En una negociación, quien apela a los principios ya ha perdido. Porque ya no podrá moverse de ellos, mientras el otro ni conoce límite ni tiene por qué respetarlo. Así que cuando Pablo Casado dice que su límite son sus principios, lo único que le puede salvar es que ni Vox ni nadie sabe exactamente a qué principios se refiere.

Juan García-Gallardo junto al presidente de Vox, Santiago Abascal, en un acto de campaña en Castilla y León.

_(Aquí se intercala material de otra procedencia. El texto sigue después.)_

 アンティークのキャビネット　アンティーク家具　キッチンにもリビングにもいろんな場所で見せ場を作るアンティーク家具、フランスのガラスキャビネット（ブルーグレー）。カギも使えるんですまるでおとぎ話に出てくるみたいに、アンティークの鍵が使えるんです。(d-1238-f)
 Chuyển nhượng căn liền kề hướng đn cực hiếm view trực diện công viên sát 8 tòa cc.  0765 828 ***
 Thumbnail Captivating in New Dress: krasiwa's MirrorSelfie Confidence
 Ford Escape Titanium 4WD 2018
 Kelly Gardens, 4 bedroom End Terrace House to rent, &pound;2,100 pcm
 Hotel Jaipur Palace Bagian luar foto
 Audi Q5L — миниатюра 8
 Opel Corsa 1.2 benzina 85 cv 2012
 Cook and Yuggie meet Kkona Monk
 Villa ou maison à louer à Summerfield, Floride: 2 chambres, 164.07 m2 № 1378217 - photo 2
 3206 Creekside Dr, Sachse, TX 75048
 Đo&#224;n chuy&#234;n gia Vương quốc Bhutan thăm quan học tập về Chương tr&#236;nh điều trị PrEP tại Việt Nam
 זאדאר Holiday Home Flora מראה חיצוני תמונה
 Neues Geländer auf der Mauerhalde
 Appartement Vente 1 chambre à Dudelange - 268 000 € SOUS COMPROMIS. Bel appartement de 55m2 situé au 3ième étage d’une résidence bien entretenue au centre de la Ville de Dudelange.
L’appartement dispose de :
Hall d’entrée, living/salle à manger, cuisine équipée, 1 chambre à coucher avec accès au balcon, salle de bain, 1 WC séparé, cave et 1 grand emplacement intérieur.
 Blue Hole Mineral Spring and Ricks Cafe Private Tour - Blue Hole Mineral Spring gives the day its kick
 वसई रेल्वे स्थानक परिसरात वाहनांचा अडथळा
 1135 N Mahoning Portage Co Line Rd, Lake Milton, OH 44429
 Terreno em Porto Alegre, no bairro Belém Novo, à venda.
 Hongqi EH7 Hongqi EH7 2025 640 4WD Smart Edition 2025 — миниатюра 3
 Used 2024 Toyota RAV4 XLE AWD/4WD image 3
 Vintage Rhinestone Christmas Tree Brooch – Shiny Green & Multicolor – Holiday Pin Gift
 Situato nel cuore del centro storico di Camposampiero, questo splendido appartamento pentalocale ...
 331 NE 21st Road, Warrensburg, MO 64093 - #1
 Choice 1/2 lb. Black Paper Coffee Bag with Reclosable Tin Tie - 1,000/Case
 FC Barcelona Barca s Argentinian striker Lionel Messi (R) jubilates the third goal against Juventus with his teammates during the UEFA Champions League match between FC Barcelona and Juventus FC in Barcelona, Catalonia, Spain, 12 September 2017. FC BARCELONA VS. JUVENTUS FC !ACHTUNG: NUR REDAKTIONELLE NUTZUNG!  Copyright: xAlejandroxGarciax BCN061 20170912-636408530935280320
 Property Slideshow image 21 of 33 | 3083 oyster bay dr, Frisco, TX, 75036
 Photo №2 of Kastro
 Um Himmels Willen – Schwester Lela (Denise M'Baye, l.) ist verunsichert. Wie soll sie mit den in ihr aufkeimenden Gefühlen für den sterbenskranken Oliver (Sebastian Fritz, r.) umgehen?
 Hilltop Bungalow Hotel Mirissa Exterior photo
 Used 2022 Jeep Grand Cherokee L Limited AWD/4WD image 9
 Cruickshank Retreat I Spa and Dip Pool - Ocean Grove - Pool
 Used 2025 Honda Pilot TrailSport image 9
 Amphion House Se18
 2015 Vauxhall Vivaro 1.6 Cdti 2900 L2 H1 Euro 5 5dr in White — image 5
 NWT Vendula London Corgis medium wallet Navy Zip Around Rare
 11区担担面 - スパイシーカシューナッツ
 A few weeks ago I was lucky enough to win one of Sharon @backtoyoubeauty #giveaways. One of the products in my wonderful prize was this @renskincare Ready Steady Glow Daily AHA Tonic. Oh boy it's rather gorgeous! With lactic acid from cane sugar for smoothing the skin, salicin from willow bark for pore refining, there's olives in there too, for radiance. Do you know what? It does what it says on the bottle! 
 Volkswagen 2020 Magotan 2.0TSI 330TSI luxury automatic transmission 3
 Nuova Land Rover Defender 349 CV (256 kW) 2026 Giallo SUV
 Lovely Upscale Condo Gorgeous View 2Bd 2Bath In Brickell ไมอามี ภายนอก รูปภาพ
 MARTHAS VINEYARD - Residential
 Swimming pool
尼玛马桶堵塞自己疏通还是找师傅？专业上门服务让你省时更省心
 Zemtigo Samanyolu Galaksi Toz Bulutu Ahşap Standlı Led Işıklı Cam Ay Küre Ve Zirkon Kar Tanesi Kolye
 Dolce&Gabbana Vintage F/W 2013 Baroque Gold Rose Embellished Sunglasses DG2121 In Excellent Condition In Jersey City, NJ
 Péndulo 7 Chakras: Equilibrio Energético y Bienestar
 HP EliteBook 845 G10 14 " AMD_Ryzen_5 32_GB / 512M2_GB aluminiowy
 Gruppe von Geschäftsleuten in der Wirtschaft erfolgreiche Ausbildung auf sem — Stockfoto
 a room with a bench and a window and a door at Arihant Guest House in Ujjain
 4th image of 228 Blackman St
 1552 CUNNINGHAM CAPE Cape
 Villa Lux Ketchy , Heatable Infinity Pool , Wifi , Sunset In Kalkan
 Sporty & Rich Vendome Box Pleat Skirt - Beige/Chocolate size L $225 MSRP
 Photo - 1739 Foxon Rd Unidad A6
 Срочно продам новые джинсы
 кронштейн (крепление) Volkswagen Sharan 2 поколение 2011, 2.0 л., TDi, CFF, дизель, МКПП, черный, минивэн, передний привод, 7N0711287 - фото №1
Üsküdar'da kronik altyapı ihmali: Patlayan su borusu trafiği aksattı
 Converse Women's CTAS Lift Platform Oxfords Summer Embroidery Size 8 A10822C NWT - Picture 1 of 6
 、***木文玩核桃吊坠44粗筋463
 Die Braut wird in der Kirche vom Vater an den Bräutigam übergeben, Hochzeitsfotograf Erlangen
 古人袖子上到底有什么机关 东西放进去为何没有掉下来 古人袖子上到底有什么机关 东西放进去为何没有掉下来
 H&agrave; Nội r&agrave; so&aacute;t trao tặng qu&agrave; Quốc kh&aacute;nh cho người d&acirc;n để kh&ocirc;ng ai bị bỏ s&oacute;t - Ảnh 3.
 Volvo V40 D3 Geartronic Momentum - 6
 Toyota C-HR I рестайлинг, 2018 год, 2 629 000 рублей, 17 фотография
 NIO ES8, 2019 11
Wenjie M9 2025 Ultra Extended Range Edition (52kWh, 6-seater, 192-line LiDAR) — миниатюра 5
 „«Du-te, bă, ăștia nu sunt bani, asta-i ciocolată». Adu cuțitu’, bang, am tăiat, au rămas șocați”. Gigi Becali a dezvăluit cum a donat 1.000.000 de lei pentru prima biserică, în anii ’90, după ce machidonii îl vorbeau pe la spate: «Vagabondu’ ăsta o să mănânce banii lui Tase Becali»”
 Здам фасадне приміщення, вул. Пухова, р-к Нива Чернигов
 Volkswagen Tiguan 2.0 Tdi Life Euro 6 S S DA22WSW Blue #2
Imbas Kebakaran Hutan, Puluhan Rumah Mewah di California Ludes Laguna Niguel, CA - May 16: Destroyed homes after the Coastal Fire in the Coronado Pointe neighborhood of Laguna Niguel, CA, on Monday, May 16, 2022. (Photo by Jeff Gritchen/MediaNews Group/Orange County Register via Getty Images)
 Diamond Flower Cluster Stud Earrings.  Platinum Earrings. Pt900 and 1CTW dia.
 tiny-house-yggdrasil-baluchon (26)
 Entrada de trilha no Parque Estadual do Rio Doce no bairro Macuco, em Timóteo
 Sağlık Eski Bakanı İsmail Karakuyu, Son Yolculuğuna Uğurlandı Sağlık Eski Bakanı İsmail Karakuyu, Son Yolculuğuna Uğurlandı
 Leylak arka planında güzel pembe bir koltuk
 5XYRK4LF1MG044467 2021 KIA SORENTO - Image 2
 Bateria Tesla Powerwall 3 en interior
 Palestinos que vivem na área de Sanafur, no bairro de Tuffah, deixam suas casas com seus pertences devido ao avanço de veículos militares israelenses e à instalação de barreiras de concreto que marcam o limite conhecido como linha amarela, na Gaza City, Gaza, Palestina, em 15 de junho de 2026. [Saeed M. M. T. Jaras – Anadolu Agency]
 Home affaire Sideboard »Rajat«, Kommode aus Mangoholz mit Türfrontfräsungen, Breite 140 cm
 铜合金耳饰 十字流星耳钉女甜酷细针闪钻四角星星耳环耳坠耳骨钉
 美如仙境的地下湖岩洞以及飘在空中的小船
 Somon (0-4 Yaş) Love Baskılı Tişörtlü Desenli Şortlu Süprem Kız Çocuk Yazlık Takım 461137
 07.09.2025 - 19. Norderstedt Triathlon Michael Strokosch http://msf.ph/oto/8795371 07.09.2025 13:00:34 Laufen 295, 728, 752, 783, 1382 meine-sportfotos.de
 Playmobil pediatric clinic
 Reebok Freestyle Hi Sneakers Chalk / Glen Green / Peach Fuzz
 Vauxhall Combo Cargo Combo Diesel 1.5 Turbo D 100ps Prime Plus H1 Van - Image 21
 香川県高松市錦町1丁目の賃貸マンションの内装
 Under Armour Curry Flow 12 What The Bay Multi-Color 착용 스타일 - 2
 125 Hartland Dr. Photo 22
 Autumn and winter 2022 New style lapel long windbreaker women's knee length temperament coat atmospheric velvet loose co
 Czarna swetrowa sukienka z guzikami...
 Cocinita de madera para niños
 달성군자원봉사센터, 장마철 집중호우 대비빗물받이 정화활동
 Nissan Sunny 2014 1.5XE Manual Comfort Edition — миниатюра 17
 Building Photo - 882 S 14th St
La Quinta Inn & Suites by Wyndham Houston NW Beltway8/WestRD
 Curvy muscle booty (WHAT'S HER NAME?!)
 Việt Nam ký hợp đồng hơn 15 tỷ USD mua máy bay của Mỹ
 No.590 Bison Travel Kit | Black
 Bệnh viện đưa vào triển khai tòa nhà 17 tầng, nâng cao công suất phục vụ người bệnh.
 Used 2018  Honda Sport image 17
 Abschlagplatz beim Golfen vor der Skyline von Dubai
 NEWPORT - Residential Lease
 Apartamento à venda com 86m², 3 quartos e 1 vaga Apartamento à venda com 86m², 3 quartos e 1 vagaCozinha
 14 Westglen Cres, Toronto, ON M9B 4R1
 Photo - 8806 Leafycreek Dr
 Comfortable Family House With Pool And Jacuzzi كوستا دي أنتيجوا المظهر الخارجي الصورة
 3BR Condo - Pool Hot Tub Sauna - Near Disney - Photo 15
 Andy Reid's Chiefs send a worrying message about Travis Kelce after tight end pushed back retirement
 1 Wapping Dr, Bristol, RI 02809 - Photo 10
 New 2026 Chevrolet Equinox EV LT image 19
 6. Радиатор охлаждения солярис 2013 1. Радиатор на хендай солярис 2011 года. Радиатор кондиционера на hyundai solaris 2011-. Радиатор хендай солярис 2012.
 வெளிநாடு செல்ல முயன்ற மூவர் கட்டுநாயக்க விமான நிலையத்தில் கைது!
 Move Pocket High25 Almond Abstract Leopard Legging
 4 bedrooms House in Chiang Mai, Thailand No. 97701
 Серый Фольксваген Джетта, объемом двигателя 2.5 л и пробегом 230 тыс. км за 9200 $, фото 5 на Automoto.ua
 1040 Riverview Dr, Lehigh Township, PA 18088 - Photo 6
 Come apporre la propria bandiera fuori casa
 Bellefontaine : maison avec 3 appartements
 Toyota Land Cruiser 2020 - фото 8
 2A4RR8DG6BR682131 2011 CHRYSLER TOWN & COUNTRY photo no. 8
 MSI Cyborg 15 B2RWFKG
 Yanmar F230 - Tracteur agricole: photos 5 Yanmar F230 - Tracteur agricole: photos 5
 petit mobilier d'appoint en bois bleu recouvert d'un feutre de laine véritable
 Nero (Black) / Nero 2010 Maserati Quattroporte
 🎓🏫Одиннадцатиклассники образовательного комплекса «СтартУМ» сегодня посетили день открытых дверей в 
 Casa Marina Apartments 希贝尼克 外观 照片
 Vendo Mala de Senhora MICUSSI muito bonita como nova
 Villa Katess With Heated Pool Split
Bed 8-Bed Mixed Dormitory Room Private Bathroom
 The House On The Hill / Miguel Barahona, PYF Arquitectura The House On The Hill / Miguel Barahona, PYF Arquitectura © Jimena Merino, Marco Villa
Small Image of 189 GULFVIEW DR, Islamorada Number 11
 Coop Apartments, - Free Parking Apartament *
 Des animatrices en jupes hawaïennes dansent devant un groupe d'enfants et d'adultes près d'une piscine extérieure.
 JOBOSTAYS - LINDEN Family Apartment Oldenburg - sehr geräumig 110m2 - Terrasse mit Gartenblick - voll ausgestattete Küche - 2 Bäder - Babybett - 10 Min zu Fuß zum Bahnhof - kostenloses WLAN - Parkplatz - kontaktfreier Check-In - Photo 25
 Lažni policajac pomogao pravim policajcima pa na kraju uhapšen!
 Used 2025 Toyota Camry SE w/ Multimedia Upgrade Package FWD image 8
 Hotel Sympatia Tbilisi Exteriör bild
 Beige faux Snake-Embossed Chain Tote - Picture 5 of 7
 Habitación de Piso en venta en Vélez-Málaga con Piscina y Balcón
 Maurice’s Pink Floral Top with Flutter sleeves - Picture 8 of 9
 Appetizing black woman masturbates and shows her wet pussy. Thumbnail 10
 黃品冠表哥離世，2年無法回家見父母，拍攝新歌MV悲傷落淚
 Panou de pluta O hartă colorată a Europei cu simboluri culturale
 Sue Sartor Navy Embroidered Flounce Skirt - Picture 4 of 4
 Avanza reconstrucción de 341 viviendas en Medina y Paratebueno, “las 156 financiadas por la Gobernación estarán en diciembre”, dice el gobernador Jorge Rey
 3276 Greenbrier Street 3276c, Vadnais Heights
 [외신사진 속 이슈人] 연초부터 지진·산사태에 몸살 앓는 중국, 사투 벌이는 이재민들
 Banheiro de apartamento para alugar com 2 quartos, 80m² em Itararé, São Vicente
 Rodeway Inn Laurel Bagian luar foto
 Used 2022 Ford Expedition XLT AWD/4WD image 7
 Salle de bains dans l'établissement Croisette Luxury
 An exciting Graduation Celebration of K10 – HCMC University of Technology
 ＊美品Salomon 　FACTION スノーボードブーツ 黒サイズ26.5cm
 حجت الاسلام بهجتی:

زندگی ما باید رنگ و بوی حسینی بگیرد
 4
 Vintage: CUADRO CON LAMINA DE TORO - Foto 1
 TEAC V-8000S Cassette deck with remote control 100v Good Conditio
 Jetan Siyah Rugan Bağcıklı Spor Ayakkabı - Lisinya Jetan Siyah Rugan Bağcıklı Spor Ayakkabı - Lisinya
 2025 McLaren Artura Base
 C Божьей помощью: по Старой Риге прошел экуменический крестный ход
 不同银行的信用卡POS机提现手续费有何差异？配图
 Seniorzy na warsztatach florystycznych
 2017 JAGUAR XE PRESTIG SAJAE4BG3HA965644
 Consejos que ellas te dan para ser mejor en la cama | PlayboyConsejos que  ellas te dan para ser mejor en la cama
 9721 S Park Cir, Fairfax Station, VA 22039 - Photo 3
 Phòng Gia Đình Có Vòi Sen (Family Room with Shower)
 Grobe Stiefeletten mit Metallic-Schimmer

Juan García-Gallardo junto al presidente de Vox, Santiago Abascal, en un acto de campaña en Castilla y León. ICAL

El problema de Casado, ahora mismo y en este contexto (limitémonos a este contexto), es que el único principio que parece tener claro no es exactamente suyo y es el de que Vox no es un partido normal y que en la medida de lo posible hay evitar cualquier tipo de contacto con él.

Es un principio impuesto por sus adversarios y, como tal, más que un principio es un final, porque acabaría, como bien le ha querido dejar claro Pedro Sánchez, con cualquier posibilidad de gobernar en cualquier lugar de España en el que no saque mayoría absoluta. “Le daremos nuestra generosa y patriótica abstención si rompe en todo lugar, como por ejemplo Madrid (un ejemplo como cualquier otro, ya ven ustedes) en el que se entienda con la extrema derecha”, dice Sánchez en eso que antes de la irrupción de la politología en nuestras vidas solía conocerse como “el abrazo del oso” o el “pan para hoy, hambre para mañana”.

Sánchez sabe perfectamente que la suerte y el destino del PP están ligados a Vox. Por mucho que le cueste aceptarlo a Casado, y más ligados todavía cuanto más le cueste aceptarlo a Casado. Al PP le da mucho miedo normalizar a Vox, como si la anomalía de Vox no fuese ya también la suya, porque todo el mundo sabe perfectamente que están condenados a entenderse si quieren lograr algo.

Pero la normalidad es estadística y la estadística, mal le pese a Félix Tezanos, la establecen los votos. Lo demás es retórica, y no exactamente principios. Y la retórica hay que saber adaptarla a la propia conveniencia y capacidades. Y aquí la conveniencia es el poder y las capacidades, limitadas.

Por eso hay que aceptar, en contra del chiste y de la opinión popular, que Vox es serio, pero no grave. Que no es grave porque no va a acabar con la democracia quien ya no sabe ni si quiere acabar con las autonomías, y no va a acabar con la libertad quien no sabe ni qué derechos se supone que querría recortar.

Creo que fue la mismísima Rocío Monasterio quien exigía en la Asamblea madrileña que le explicasen, que le detallasen, cuáles son los derechos que se supone que Vox quiere suprimir. No recuerdo que se especificase ninguno ni recuerdo tampoco que ella lo aclarase después.

Si ni siquiera estando en la oposición prometen recortes, ¿cómo se iban a atrever gobernando, necesariamente en coalición, con la derechita cobarde? Podemos tenía un plan mucho más pensado, ordenado y explícito para acabar con la democracia liberal, y ya ven si les está costando que hasta han hecho suya la reforma laboral del PP.

También para acabar con Vox habrá que normalizar a Vox. Y eso pasa por dejar de tratarlo como el partido excepcional que sueñan ser ellos, sus aliados y nuestros apocalípticos. Pasa por dejar de tratarlo tan en serio como se tratan ellos.

Porque si Vox es un partido serio es en el sentido, tan a menudo risible, de que sus promesas están a la altura de sus denuncias. Que cuando ve por ejemplo corrupción o despilfarro autonómico, pretende llenar las cárceles y vaciar el Estado de las autonomías. Vox es tan risible como cualquiera que pretenda matar moscas a cañonazos y alguien va a tener que empezar en serio a hacerle la parodia. Hasta quienes tanto temen a Vox deberían recordar que la sonrisa es la mejor arma contra el autoritarismo.